2. Extremist Phase (1905-1919):

Leadership: This phase witnessed leaders like Bal Gangadhar Tilak, Bipin Chandra Pal, and Lala Lajpat Rai emerging as prominent figures.
Objective: The objective shifted from Dominion Status to Swaraj or complete self-government. Extremist leaders advocated more radical approaches and direct action against British rule.
Key Features:

  • The partition of Bengal in 1905 acted as a catalyst, leading to mass protests and boycotts.
  • Extremist leaders encouraged the use of non-cooperation, civil disobedience, and Swadeshi (boycott of foreign goods).
  • The movement gained momentum with mass mobilization and a more assertive stance.
  • Leaders like Tilak emphasized cultural pride and self-reliance.

3. Gandhian Phase (1919-1947):

Leadership: Mahatma Gandhi became the central figure of this phase, with support from leaders like Jawaharlal Nehru and Sardar Patel.
Objective: The main goal was to achieve complete independence from British rule. Gandhi introduced the philosophy of non-violence (Satyagraha) as the core of the movement.
Key Features:

  • The Non-Cooperation Movement (1920-1922), Civil Disobedience Movement (1930-1934), and Quit India Movement (1942) were major campaigns.
  • Gandhi’s emphasis on non-violent resistance and self-sufficiency in the form of Khadi (handspun cloth) became symbols of the movement.
  • The Quit India Movement marked a significant turning point, leading to mass arrests and intensified pressure on the British.
  • Post-World War II negotiations with the British resulted in India gaining independence on August 15, 1947.

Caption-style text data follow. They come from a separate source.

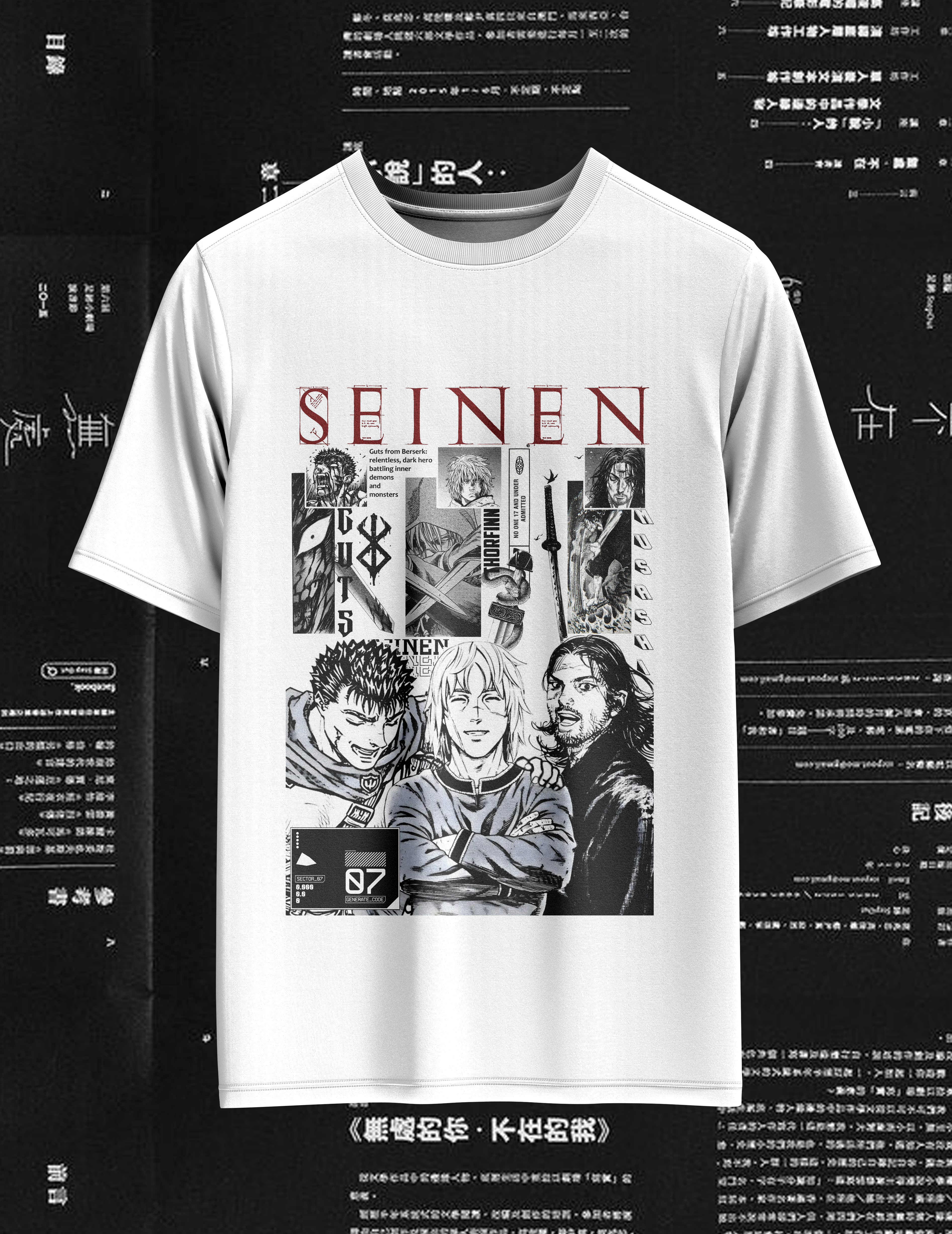 Seinen T-Shirt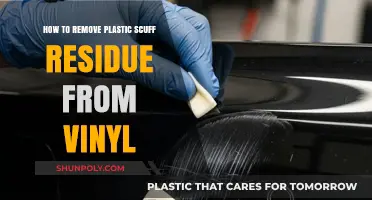 Effective Methods to Remove Plastic Scuff Marks from Vinyl Surfaces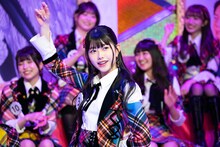 「AKB48 サヨナラ毛利さん」のワンシーン。(c)日本テレビ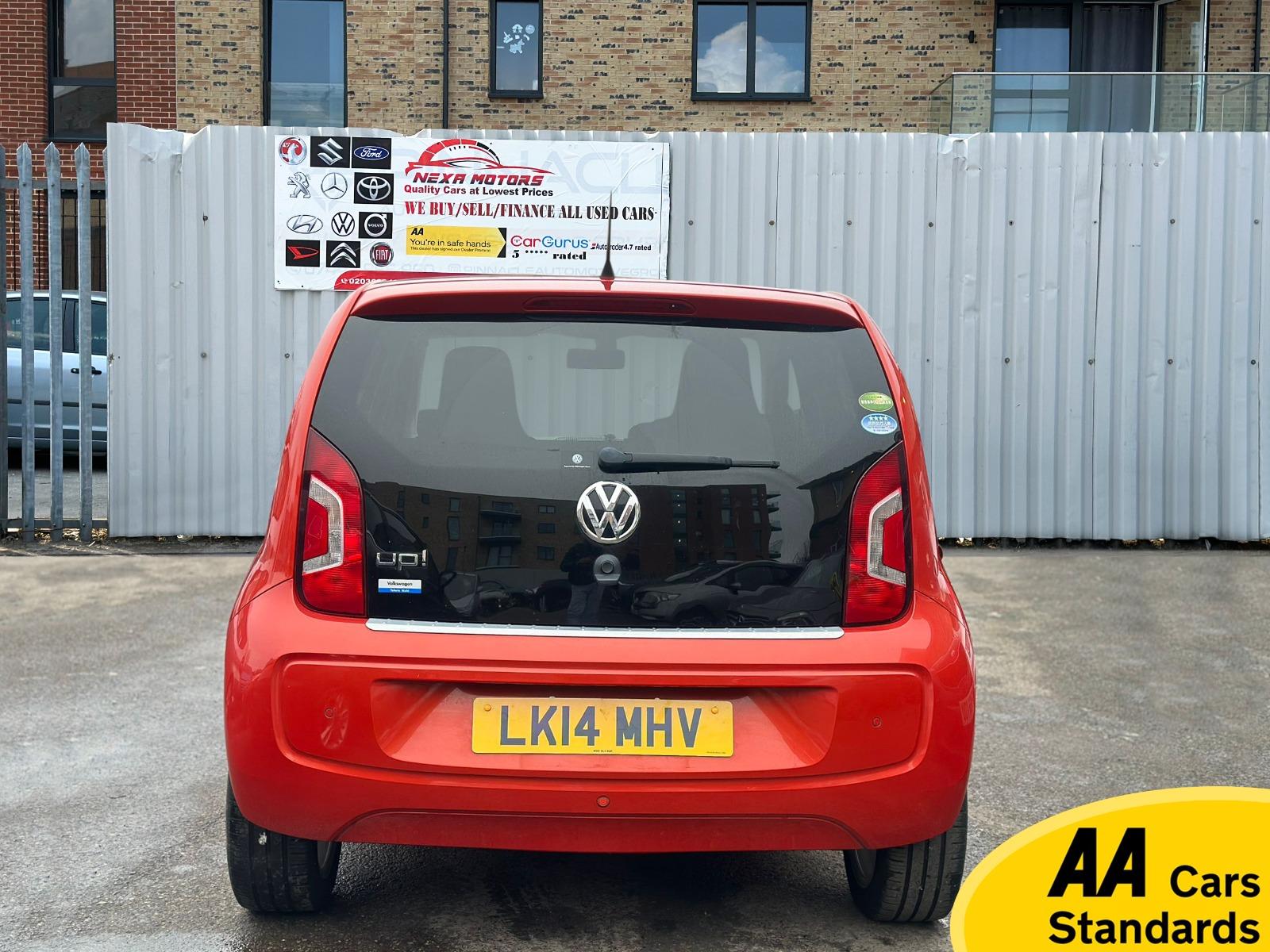 Volkswagen up! 1.0V UP! AUTOMATIC 5DR ULEZ 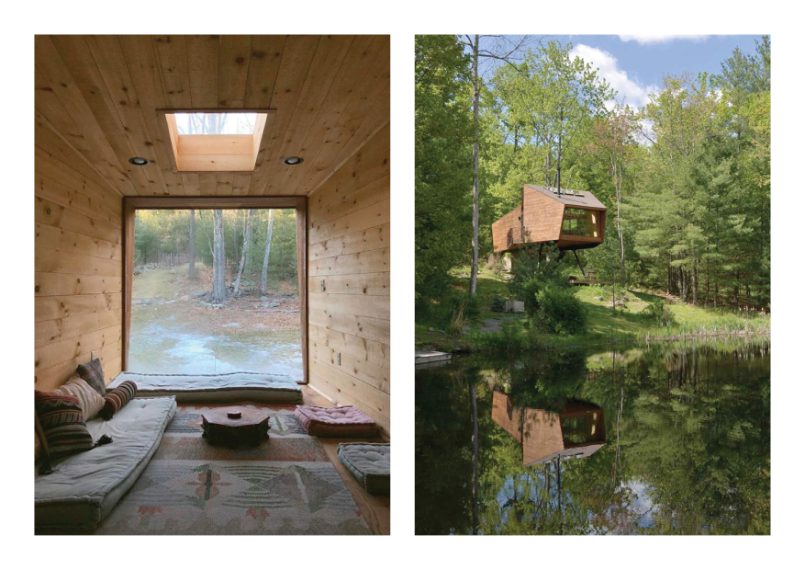 Lo scatto, realizzato da @ cristinarnieto in questa splendida casa Airbnb sull’albero si è aggiudicato 70mila like.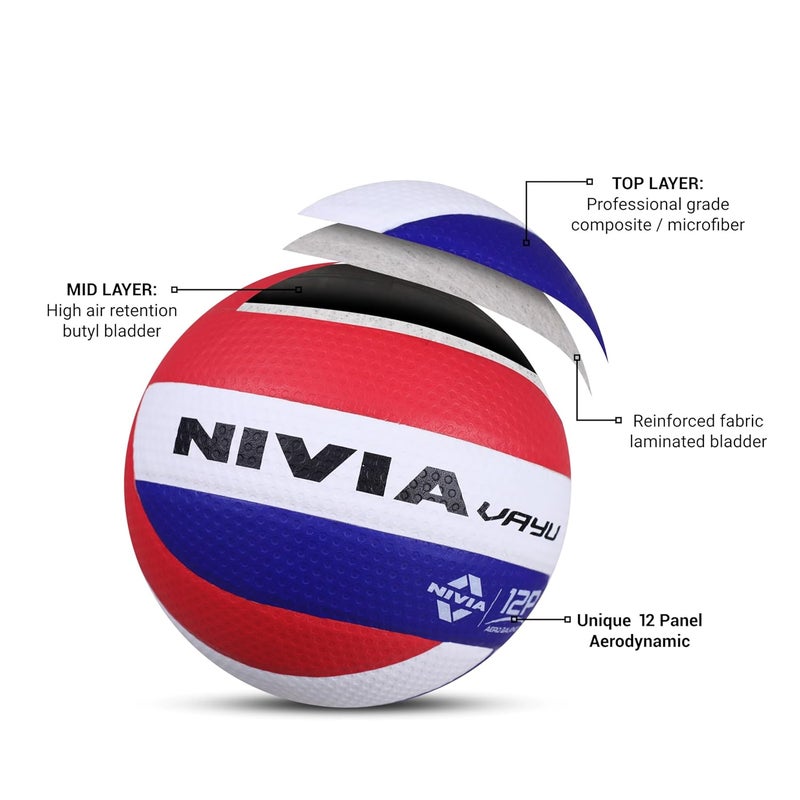 NIVIA VAYU Professional Volleyball - Image 2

Indian National Movement List

Here’s a list of some key events and movements within the Indian National Movement:

Indian National Movement List From 1857 to 1947
Indian National Movement  Year
Revolt of 1857; Sepoy Mutiny 1857
Formation of Indian National Congress (INC) 1885
Partition of Bengal; Swadeshi Movement 1905
Formation of Muslim League 1906
Gadar Party Movement 1914
Home Rule Movement 1916-1918
Champaran Satyagraha 1917
Kheda Satyagraha 1917
Ahemdabad Mill Strike 1918
Rowlatt Satyagraha 1919
Khilafat And Non-Cooperation Movement 1920
Civil Disobedience Movement 1930
Individual Satyagraha 1940
Quit India Movement 1942

Indian National Movement – In Brief

The Indian National Movement was a historic struggle against British colonial rule in India. It spanned several decades, from the late 19th century to 1947, when India finally gained independence. Here is a brief overview of the Indian National Movement:

Revolt of 1857 (Sepoy Mutiny)

  • Year: 1857
  • Objective: Against British East India Company rule.
  • Key Figures: Nana Saheb, Rani Laxmi Bai, Bahadur Shah Zafar.
  • Outcome: End of East India Company rule, beginning of direct British Crown rule.

Partition of Bengal

  • Year: 1905
  • Objective: Protest against the partition of Bengal.
  • Impact: Birth of the Swadeshi Movement, nationalism.

Swadeshi Movement

  • Year: 1905
  • Objective: Boycott of British goods, promotion of Indian-made products.
  • Key Figures: Dadabhai Naoroji, Bal Gangadhar Tilak, Gopal Krishna Gokhale.
  • Outcome: Revival of Indian cottage industries, rise of Nationalism.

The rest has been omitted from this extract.